▶ _TASK REQUIREMENTS_
Would you reproduce each line below exactly, leaving every picture out?

Brief descriptive captions:
↓
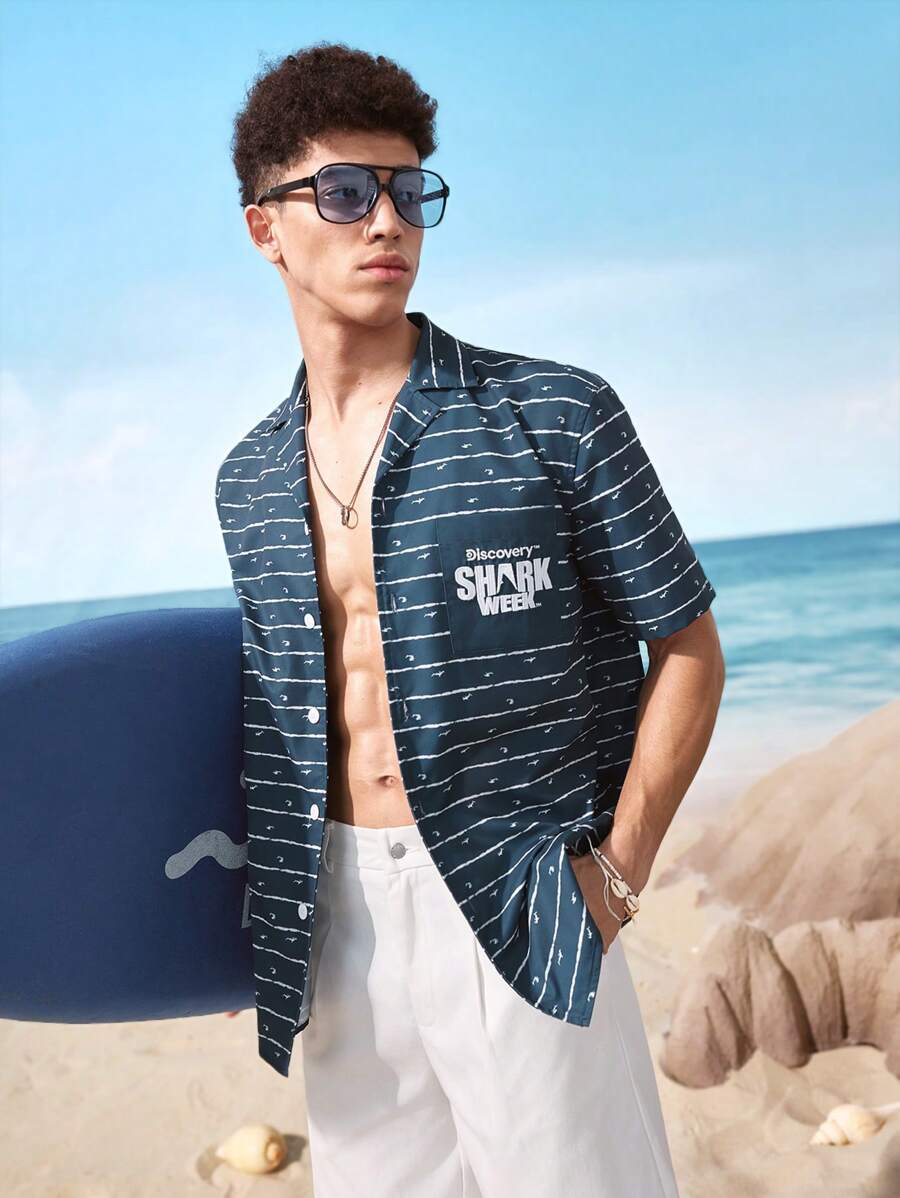 Shark Week X SHEIN 男士条纹字母印花短袖衬衫，夏季海滩 - 藏蓝色 - 查看 1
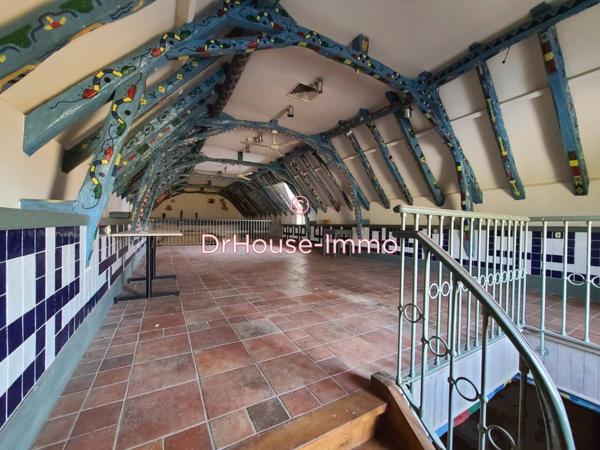 Bien immobilier à vendre 52 pièces de 2 135 m²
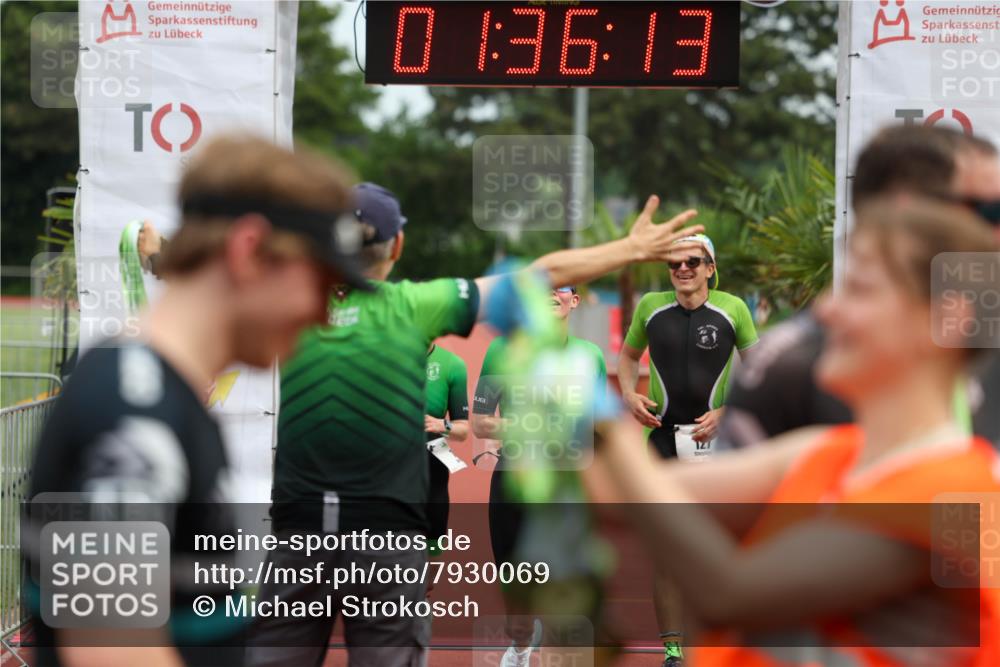15.06.2025 - 7 Türme Triathlon Michael Strokosch http://msf.ph/oto/7930069 15.06.2025 10:36:13 Ziel 126, 127, 128, 137, 138, 140 meine-sportfotos.de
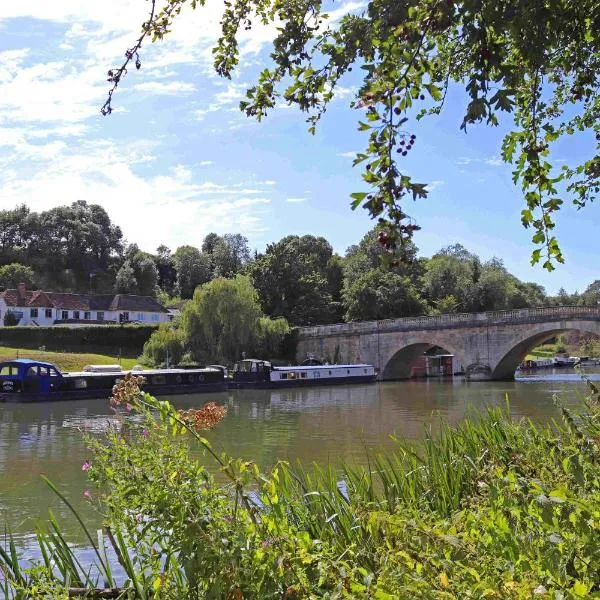 Shillingford Bridge Hotel, hotel v destinaci Wallingford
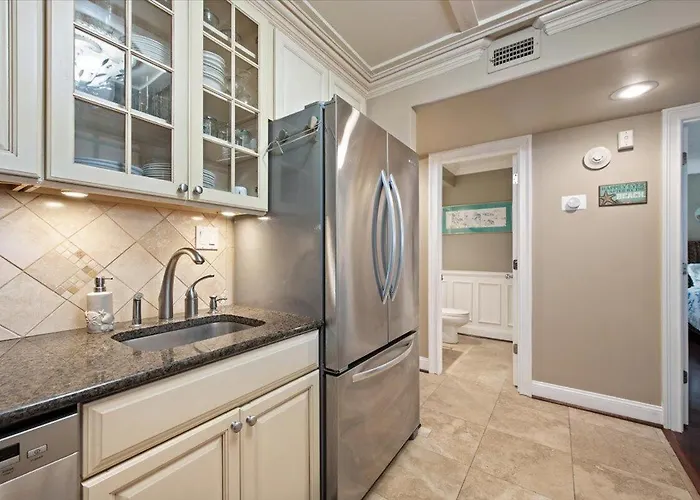 Beautiful & Spacious 3 Bedroom Atlantis Steps From The Beach! Ferienhaus Ocean Stadt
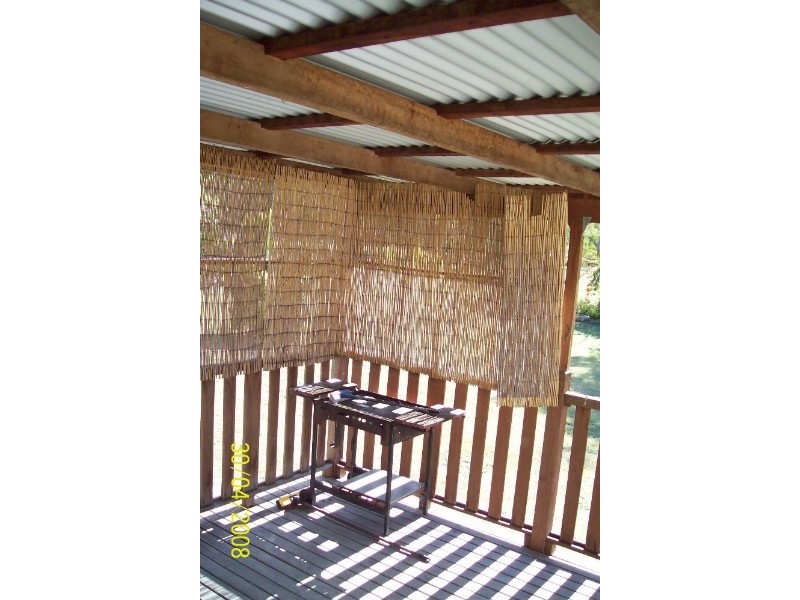 8 Mason Street, Mount Perry QLD 4671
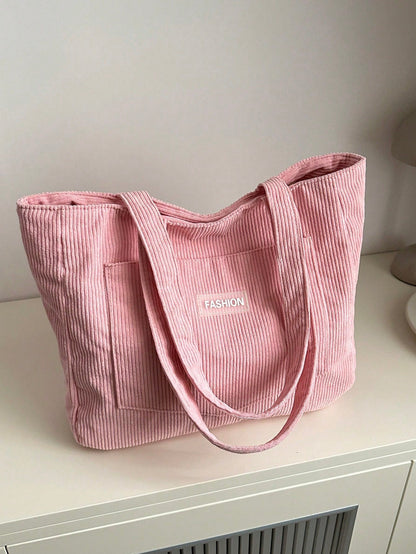 Rosa corduroy tote bag båret som skuldertatske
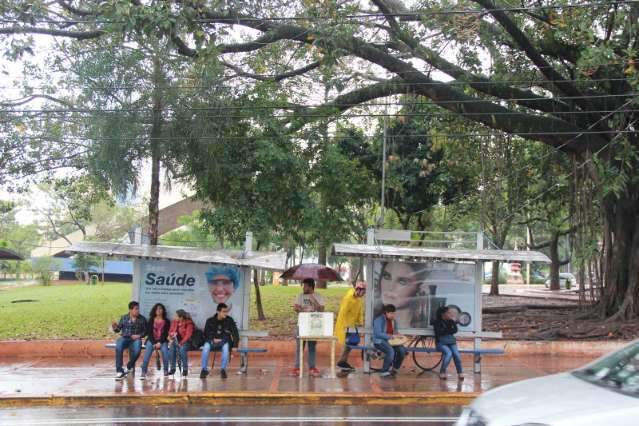 Come&ccedil;ando com hamb&uacute;rguer de lentilha, dupla entrega comida vegana de bike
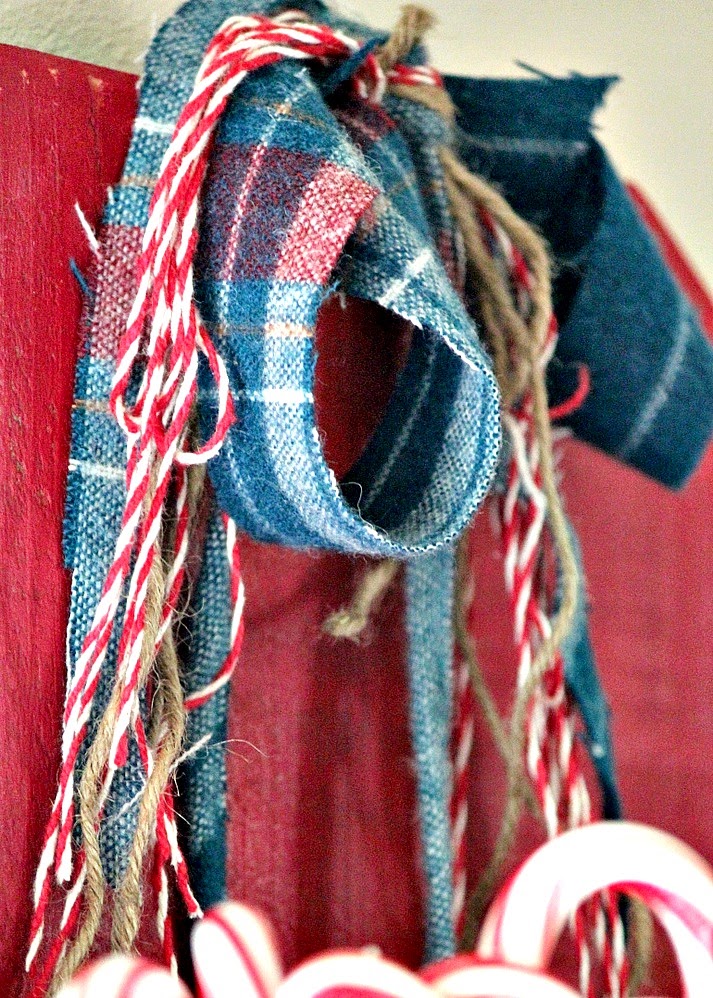 Beyond The Picket Fence: 12 Days of Christmas, Day 1, Candy Cane Holder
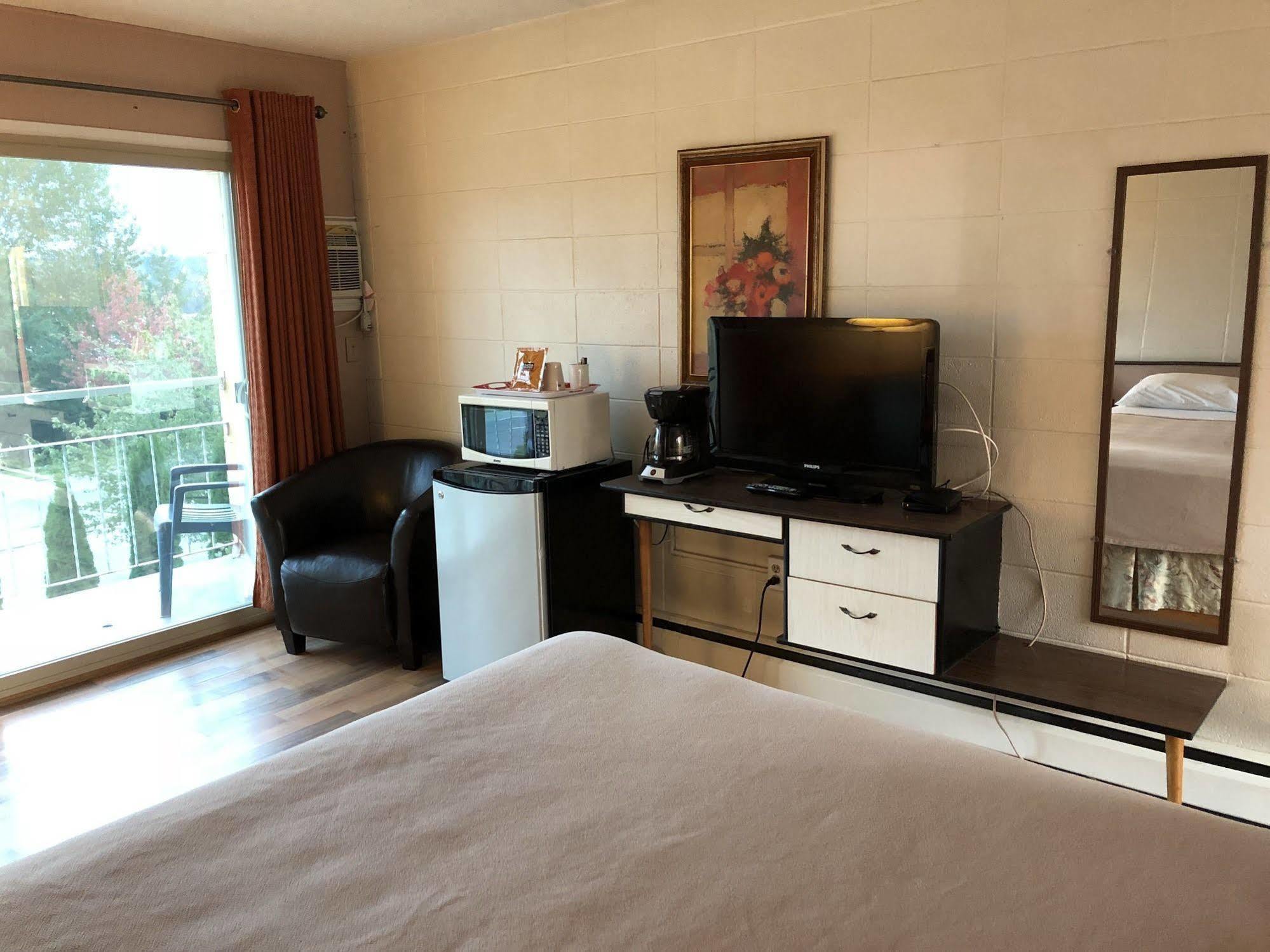Holiday House Motel Ladysmith Buitenkant foto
↑
▶ _EXERCISE RESULT_
 Shark Week X SHEIN 男士条纹字母印花短袖衬衫，夏季海滩 - 藏蓝色 - 查看 1
 Bien immobilier à vendre 52 pièces de 2 135 m²
15.06.2025 - 7 Türme Triathlon Michael Strokosch http://msf.ph/oto/7930069 15.06.2025 10:36:13 Ziel 126, 127, 128, 137, 138, 140 meine-sportfotos.de
 Shillingford Bridge Hotel, hotel v destinaci Wallingford
 Beautiful & Spacious 3 Bedroom Atlantis Steps From The Beach! Ferienhaus Ocean Stadt
 8 Mason Street, Mount Perry QLD 4671
 Rosa corduroy tote bag båret som skuldertatske
 Come&ccedil;ando com hamb&uacute;rguer de lentilha, dupla entrega comida vegana de bike
 Beyond The Picket Fence: 12 Days of Christmas, Day 1, Candy Cane Holder
Holiday House Motel Ladysmith Buitenkant foto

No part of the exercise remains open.